Go to the line containing "A10 Warthog Tank Top" in the records below and retype from there through the final line, exactly.

**** TASK INPUTS ****

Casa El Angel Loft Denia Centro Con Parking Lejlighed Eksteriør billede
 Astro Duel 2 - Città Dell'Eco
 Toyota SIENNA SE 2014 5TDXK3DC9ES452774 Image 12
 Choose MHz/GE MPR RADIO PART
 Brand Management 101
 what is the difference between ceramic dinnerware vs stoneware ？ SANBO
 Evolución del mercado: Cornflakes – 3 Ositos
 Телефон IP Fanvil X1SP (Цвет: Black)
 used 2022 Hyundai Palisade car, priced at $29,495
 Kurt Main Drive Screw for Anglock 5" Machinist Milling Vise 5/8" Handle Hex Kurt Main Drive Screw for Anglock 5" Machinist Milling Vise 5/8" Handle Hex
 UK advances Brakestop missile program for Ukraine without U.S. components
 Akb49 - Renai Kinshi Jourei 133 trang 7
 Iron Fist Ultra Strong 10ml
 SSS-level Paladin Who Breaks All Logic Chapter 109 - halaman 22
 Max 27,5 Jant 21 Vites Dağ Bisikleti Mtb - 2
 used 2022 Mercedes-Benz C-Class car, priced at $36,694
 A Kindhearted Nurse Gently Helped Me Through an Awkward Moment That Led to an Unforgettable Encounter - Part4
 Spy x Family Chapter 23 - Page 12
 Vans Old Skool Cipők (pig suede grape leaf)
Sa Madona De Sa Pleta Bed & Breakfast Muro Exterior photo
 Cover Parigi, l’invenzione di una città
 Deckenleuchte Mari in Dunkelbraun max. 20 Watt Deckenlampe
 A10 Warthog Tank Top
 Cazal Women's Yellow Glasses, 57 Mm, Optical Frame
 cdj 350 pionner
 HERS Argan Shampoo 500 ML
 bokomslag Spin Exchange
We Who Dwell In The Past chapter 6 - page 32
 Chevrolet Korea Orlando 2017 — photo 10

****

*SOLUTION TO THIS PROBLEM*
 A10 Warthog Tank Top
 Cazal Women's Yellow Glasses, 57 Mm, Optical Frame
 cdj 350 pionner
 HERS Argan Shampoo 500 ML
 bokomslag Spin Exchange
We Who Dwell In The Past chapter 6 - page 32
 Chevrolet Korea Orlando 2017 — photo 10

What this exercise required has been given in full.